#### RECORDS SHOWN ####

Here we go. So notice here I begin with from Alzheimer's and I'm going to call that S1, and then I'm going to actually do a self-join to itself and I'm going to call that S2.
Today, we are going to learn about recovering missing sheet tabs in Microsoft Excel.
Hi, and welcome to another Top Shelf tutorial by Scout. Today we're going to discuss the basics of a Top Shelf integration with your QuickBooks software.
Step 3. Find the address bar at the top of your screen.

####
#### RECORDS SHOWN ####

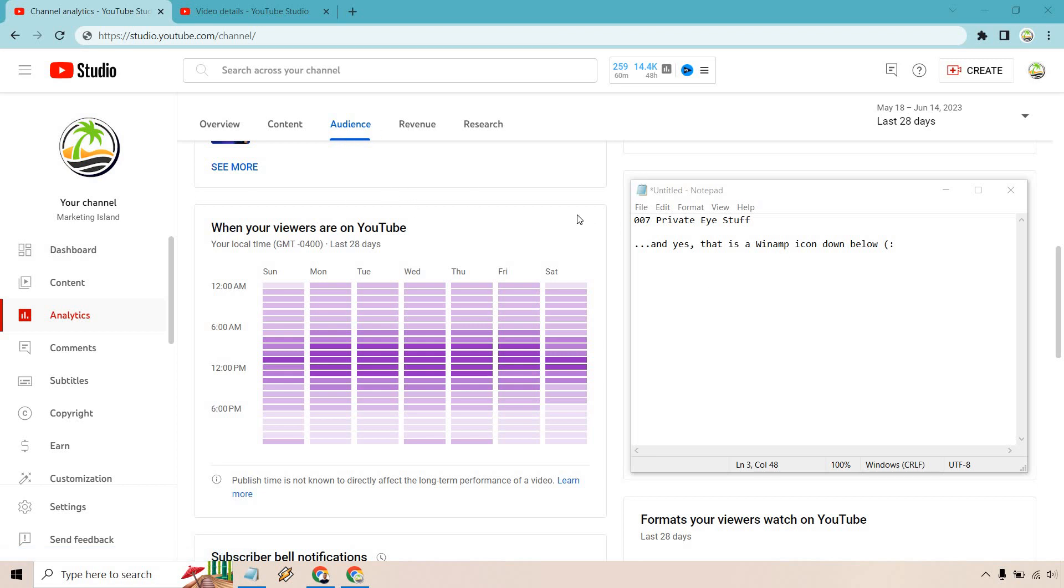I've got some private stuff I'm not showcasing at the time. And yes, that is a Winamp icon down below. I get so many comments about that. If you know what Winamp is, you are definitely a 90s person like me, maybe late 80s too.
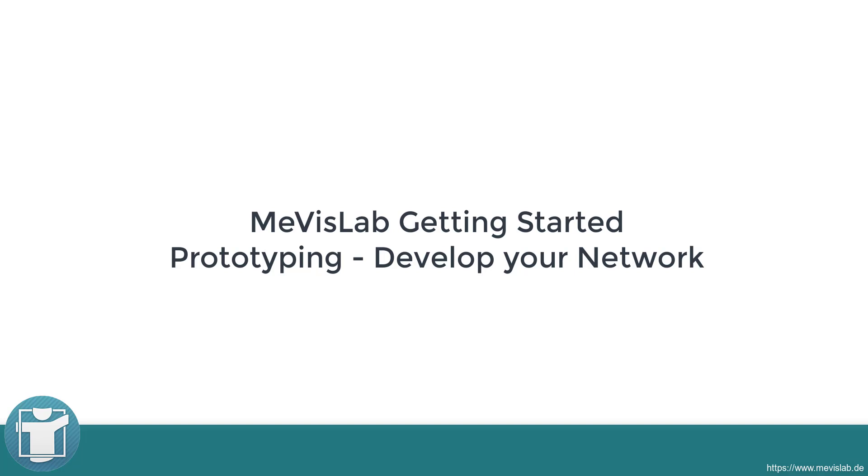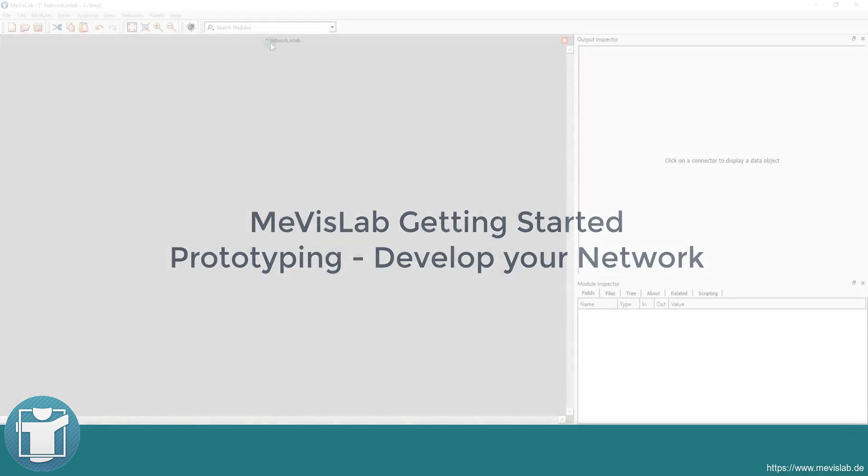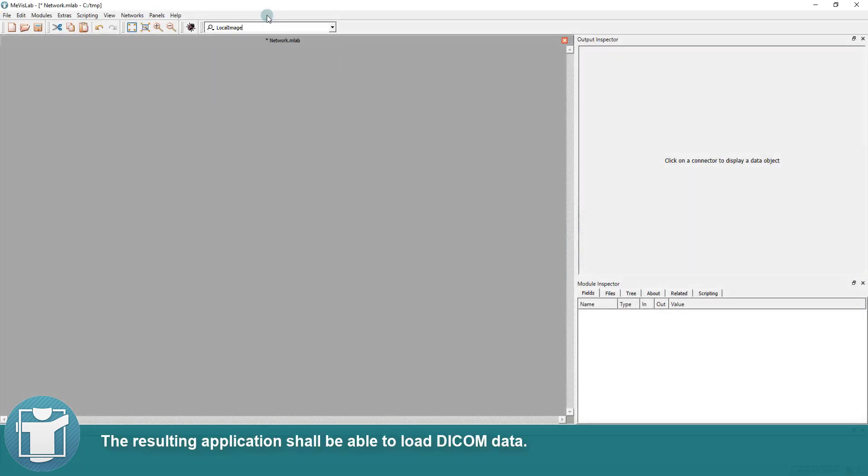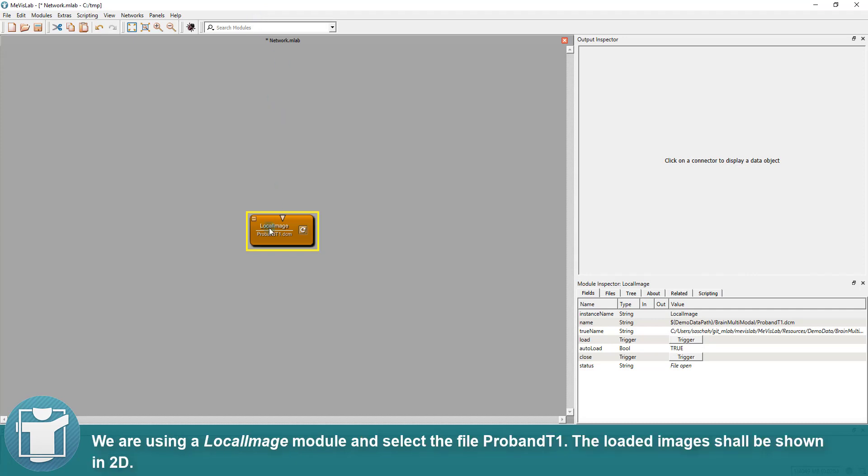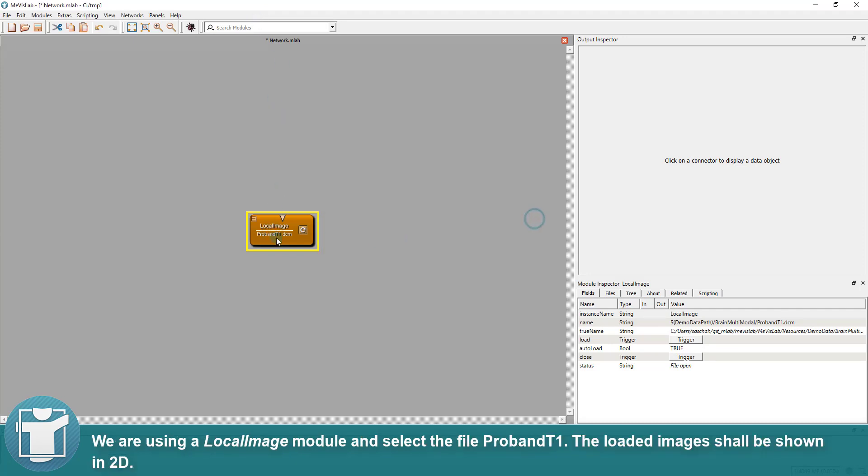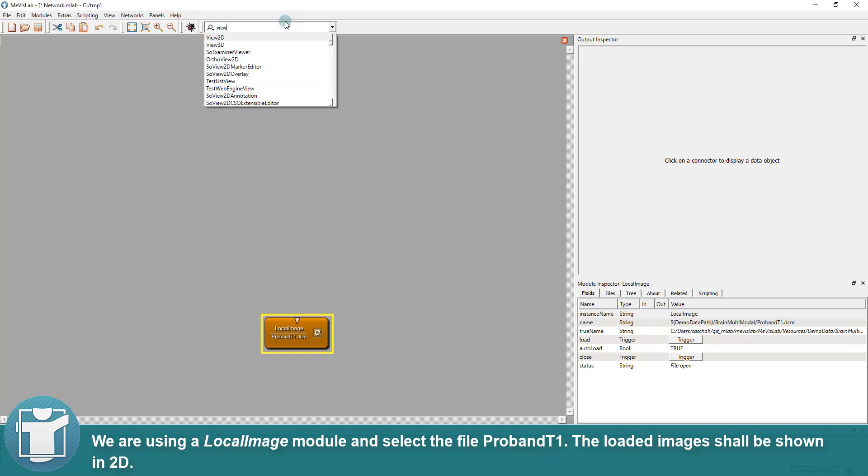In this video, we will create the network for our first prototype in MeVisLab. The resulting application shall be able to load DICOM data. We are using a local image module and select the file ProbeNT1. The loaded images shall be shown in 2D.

####
#### RECORDS SHOWN ####

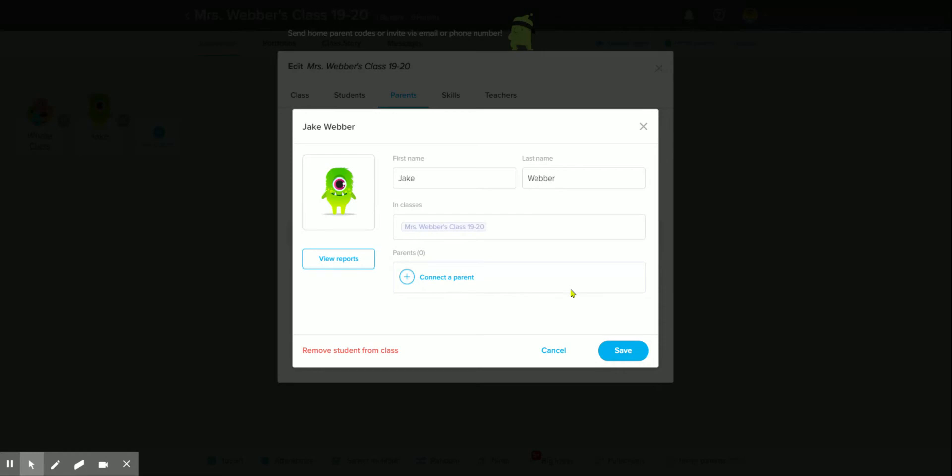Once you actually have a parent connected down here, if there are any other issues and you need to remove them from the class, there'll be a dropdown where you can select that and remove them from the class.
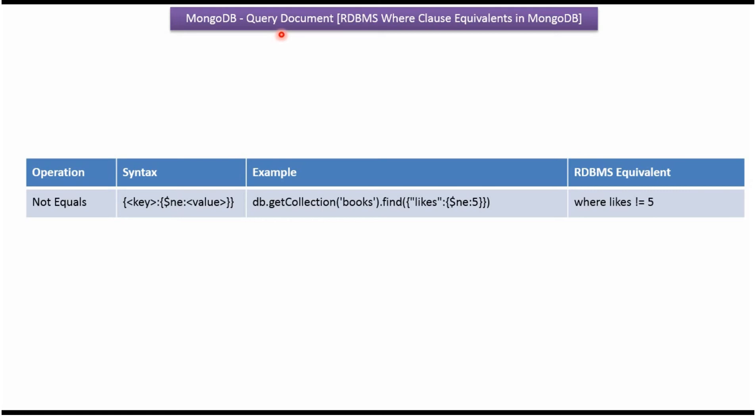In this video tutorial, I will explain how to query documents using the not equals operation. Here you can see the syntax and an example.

####

Copy out each line of the listing that holds the string "with".

Here we go. So notice here I begin with from Alzheimer's and I'm going to call that S1, and then I'm going to actually do a self-join to itself and I'm going to call that S2.
Hi, and welcome to another Top Shelf tutorial by Scout. Today we're going to discuss the basics of a Top Shelf integration with your QuickBooks software.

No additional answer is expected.